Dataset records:
Segment Open
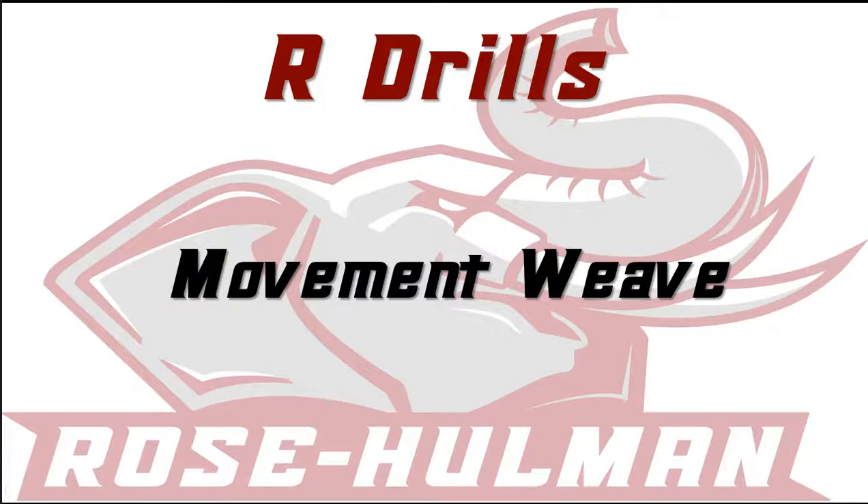Today I'm going to talk about our movement weave drill that we do every single day. Being a three-man front, we have to be perfect at moving left and right and laterally. This is what we work every single day on the D-line.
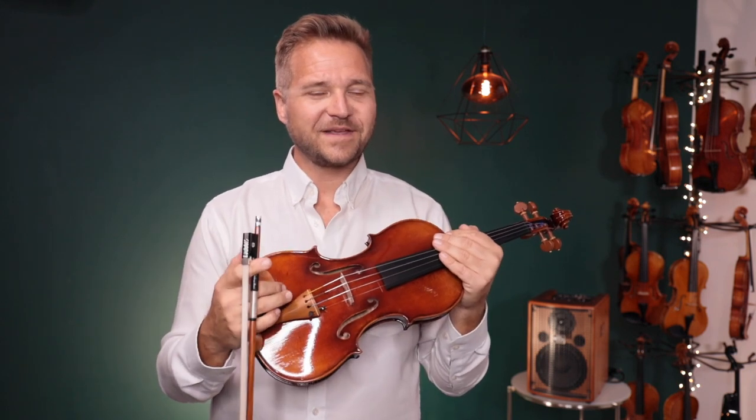Alright, enough rambling from me. I hope that was helpful. We look forward to hearing from you about what you think. And for everybody else, if you're watching this and you'd like to learn more about each of these violins and how to find one for yourself, I've got a link for them in the description box below. We look forward to seeing you there on our website at fiddlershop.com. Thanks so much.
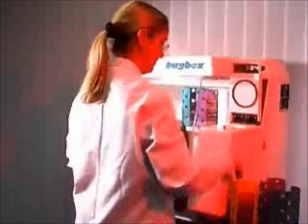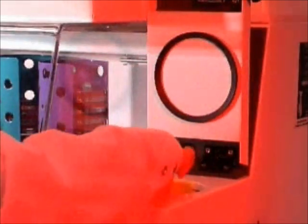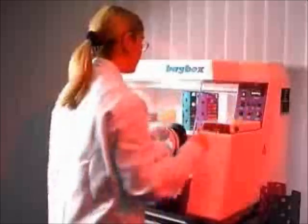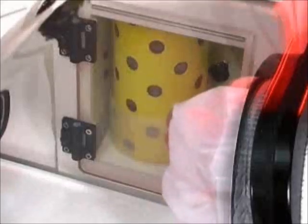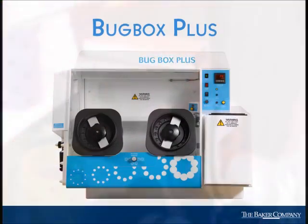To operate the ultra-compact Bug Box interlock, simply lower one of our unique colored petri tubes into the top loading compartment and press the purge button. This rapid interlock facilitates the transfer of up to 10 plates in just 15 seconds. A convenient swing-out door provides a simple means to easily take work into and out of the chamber.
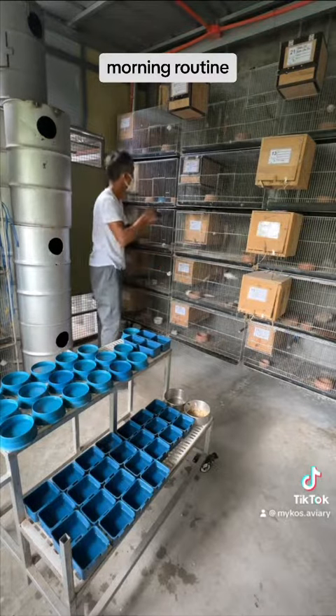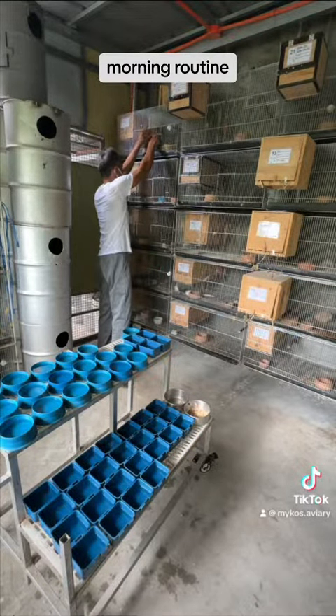It's the time I observe the birds — if they are healthy, okay, or with a problem.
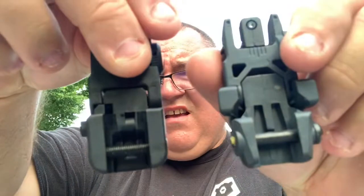They're comparable in price, about the same weight, and they both screw on to your rail. They're pretty similar overall.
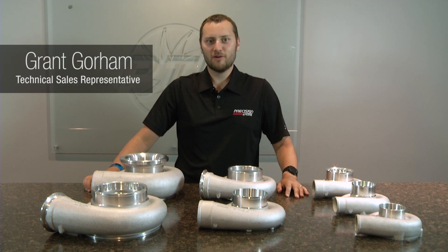Hi, welcome to Precision Turbo Talks. My name is Grant Gorham and today we're going to be talking about compressor covers.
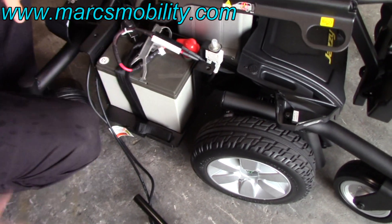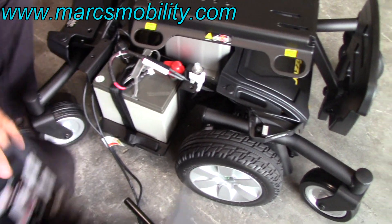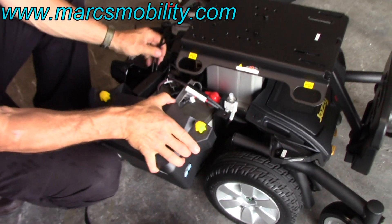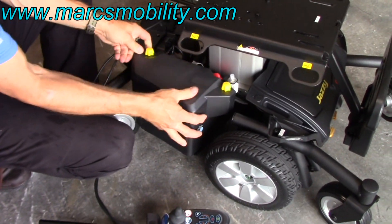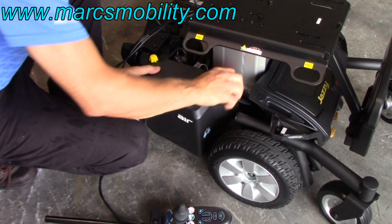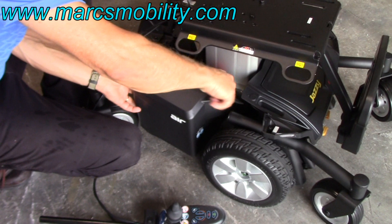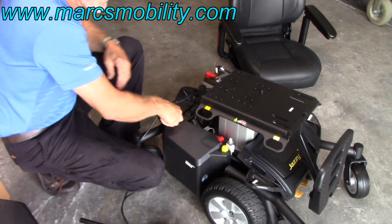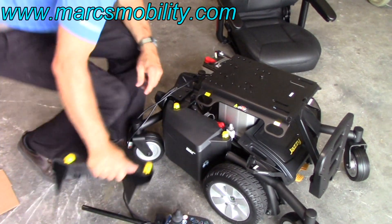That goes there, and then take your cover. This is your joystick. Put your cover right over the battery casing and turn the yellow knob until it's tight. Now you've got one battery casing on.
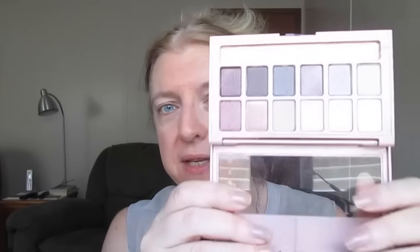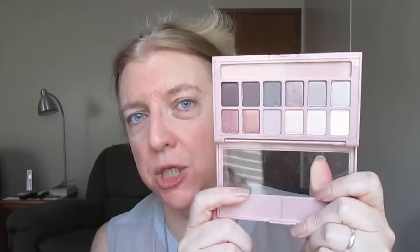So the second new Maybelline product is the Blushed Nudes Eyeshadow Palette. I already had the original Nudes palette and think it's really good, so I figured I'd pick up the Blushed Nudes one. I had read some mixed reviews so I was a little hesitant, but then I waited too long and it was sold out everywhere I went. Now some time has gone by so I was able to get it easily.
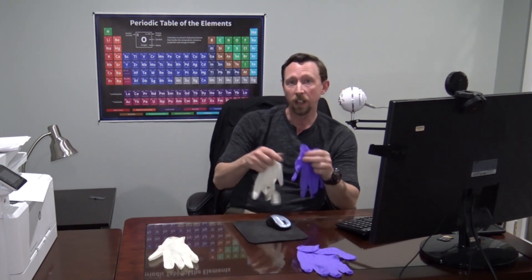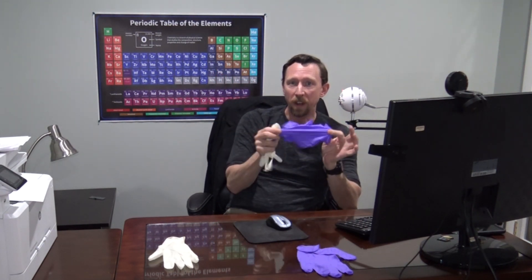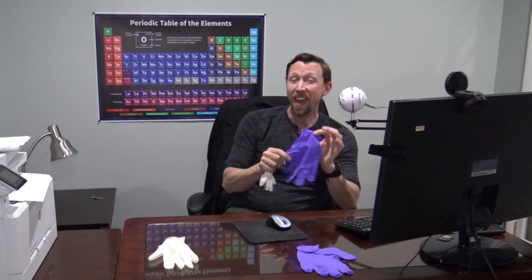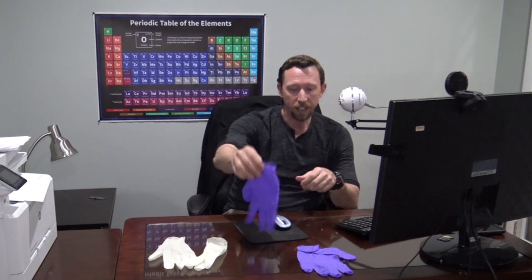I've got two different versions here. These are latex protective gloves, made from natural rubber. The other type that you might find that are very popular these days is nitrile rubber. Nitrile rubber is synthetic, and because of that, the few folks who have allergy issues with latex don't have to worry about that — they can use nitrile gloves like these.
Segment Closed
**Task to complete**.
With the pictures left out, please output each line from the one containing "Hi, welcome to" through the end of the entries, exactly as it is.

**Response**.
Hi, welcome to Precision Turbo Talks. My name is Grant Gorham and today we're going to be talking about compressor covers.
That goes there, and then take your cover. This is your joystick. Put your cover right over the battery casing and turn the yellow knob until it's tight. Now you've got one battery casing on.
So the second new Maybelline product is the Blushed Nudes Eyeshadow Palette. I already had the original Nudes palette and think it's really good, so I figured I'd pick up the Blushed Nudes one. I had read some mixed reviews so I was a little hesitant, but then I waited too long and it was sold out everywhere I went. Now some time has gone by so I was able to get it easily.
I've got two different versions here. These are latex protective gloves, made from natural rubber. The other type that you might find that are very popular these days is nitrile rubber. Nitrile rubber is synthetic, and because of that, the few folks who have allergy issues with latex don't have to worry about that — they can use nitrile gloves like these.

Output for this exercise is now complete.